Work instruction: Keeping each line intact, print the whole listing.
*** Block opens ***
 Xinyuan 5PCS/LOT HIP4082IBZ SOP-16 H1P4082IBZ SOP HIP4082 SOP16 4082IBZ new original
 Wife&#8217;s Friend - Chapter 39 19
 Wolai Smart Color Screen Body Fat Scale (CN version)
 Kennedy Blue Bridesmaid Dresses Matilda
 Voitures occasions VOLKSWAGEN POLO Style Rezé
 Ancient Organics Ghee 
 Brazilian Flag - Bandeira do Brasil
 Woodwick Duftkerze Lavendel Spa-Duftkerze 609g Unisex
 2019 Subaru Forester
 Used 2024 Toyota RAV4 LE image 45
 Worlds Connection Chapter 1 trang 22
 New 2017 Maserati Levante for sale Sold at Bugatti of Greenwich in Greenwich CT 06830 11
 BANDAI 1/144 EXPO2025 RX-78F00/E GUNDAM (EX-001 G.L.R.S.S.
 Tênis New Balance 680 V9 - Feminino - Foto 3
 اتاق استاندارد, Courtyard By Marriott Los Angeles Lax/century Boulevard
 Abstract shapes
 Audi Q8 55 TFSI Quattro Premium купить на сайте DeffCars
*** Block closes ***
Solution to this problem:
 Xinyuan 5PCS/LOT HIP4082IBZ SOP-16 H1P4082IBZ SOP HIP4082 SOP16 4082IBZ new original
 Wife&#8217;s Friend - Chapter 39 19
 Wolai Smart Color Screen Body Fat Scale (CN version)
 Kennedy Blue Bridesmaid Dresses Matilda
 Voitures occasions VOLKSWAGEN POLO Style Rezé
 Ancient Organics Ghee 
 Brazilian Flag - Bandeira do Brasil
 Woodwick Duftkerze Lavendel Spa-Duftkerze 609g Unisex
 2019 Subaru Forester
 Used 2024 Toyota RAV4 LE image 45
 Worlds Connection Chapter 1 trang 22
 New 2017 Maserati Levante for sale Sold at Bugatti of Greenwich in Greenwich CT 06830 11
 BANDAI 1/144 EXPO2025 RX-78F00/E GUNDAM (EX-001 G.L.R.S.S.
 Tênis New Balance 680 V9 - Feminino - Foto 3
 اتاق استاندارد, Courtyard By Marriott Los Angeles Lax/century Boulevard
 Abstract shapes
 Audi Q8 55 TFSI Quattro Premium купить на сайте DeffCars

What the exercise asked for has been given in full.